------ Supplied entries

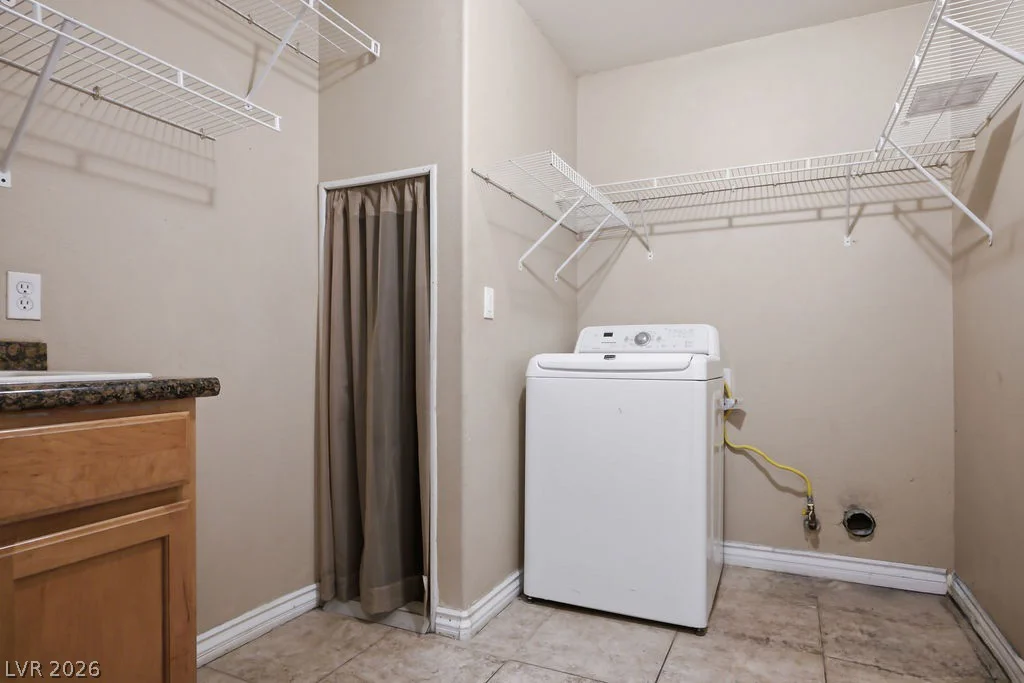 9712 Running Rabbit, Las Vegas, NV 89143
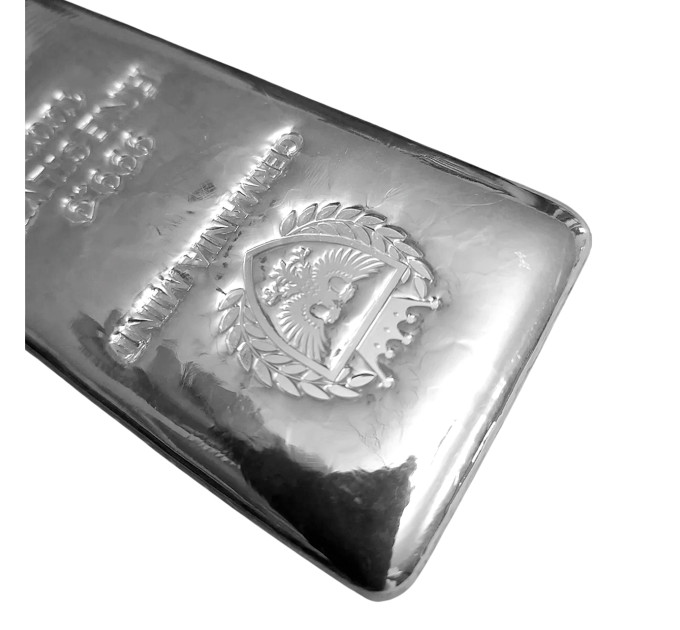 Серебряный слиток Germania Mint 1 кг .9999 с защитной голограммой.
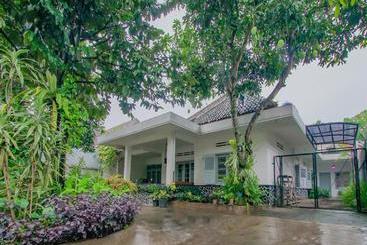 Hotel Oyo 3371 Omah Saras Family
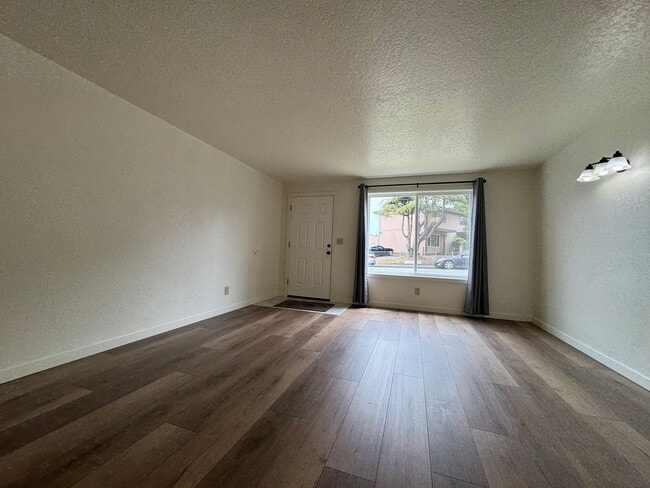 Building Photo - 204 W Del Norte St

------------
------ Supplied entries

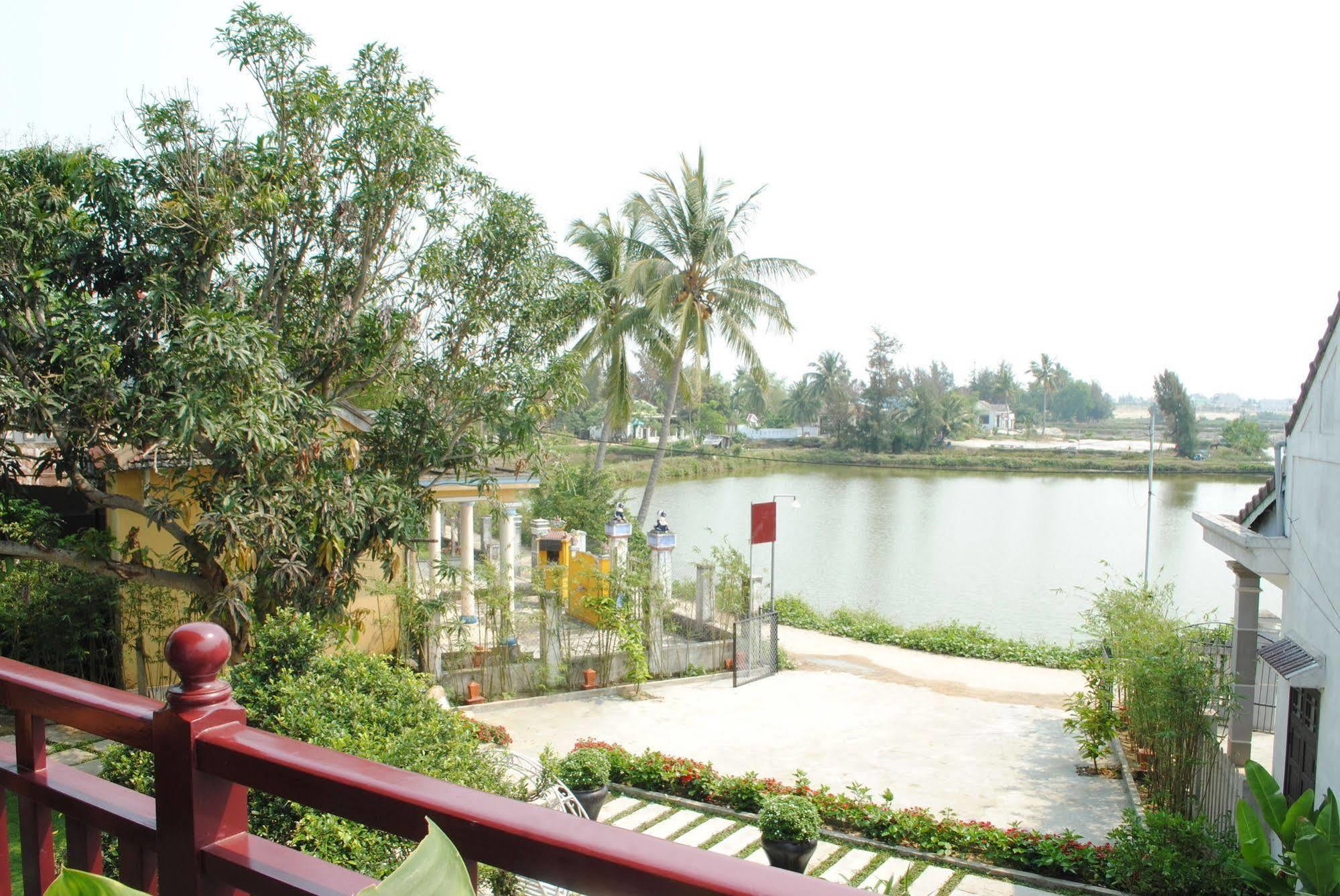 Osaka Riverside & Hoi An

------------

Exercise brief —
Your reply should hold nothing but the lines above, from the one containing "9712 Running Rabbit, Las Vegas, NV 89143" to the one containing "Building Photo - 204 W Del Norte St", reproduced exactly minus the pictures.

Your solution —
 9712 Running Rabbit, Las Vegas, NV 89143
 Серебряный слиток Germania Mint 1 кг .9999 с защитной голограммой.
 Hotel Oyo 3371 Omah Saras Family
 Building Photo - 204 W Del Norte St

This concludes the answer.